Here, the staff is pleasant, the carpeting is pleasant, the lighting is pleasant—but the visit is not. Even for believers committed to the resurrection, we cannot wallpaper over the sadness of death. And for a moment, the cynic in me asks if all this pleasantness is pointless.

Two realities then thump my soul. First, the beauty and serenity of this place are as much for the living as for the dying. Hospice care represents the last of the long goodbyes. Why shouldn't the surroundings be as beautiful and comfortable as possible?

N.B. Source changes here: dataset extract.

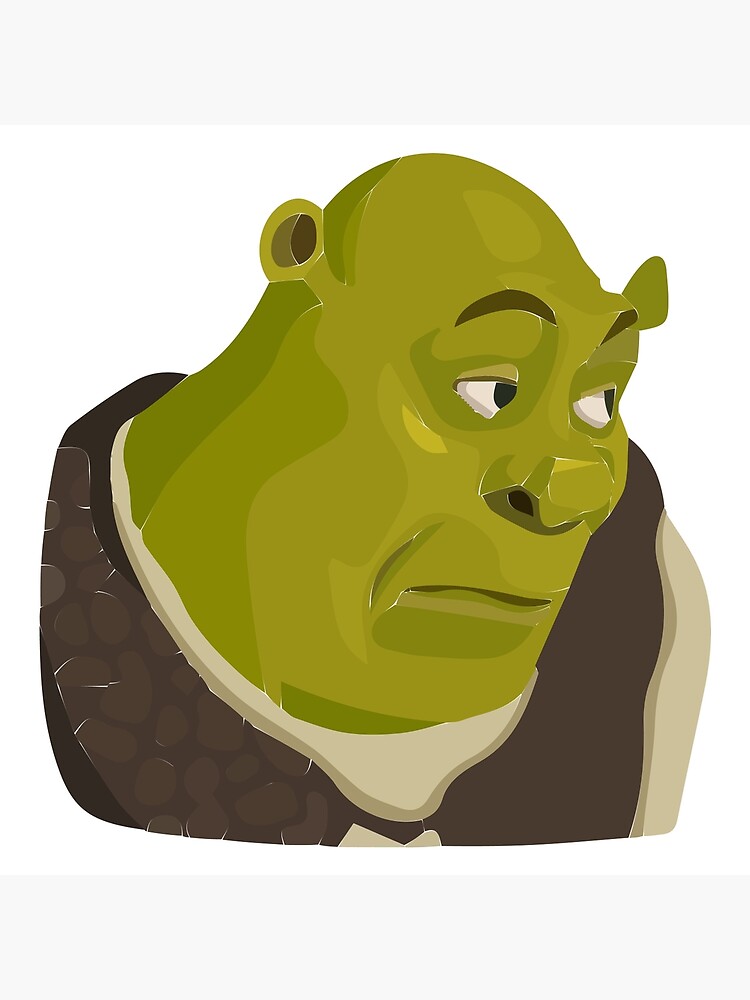 shrek puns - Google Search  Cartoon memes, Meme faces, Funny memes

The second reality: we’re all terminal. I’m terminal. You’re terminal. Because of sin, every person you will ever meet is terminal.

The young dudes at your health club—the ones that eat clean and drink all the right juice extracts—they are terminal. The people you game with online, the barista who makes your coffee, the office lady in the adjacent cubicle, and the neighbors next door all have an eternal soul. And they are all terminal.

When someone we care about is in hospice, we go to great lengths to call, visit, and encourage them before they pass away. But dare we show any less concern for our “healthy” friends and neighbors who are without Jesus—and (ultimately) terminal?

If we know Jesus—and they don’t—how can we be comfortable not sharing something of Christ? A kind act, an offer to pray, an invitation to your church or outreach event—it’s time to make a statement for Jesus. Because—we’re all terminal.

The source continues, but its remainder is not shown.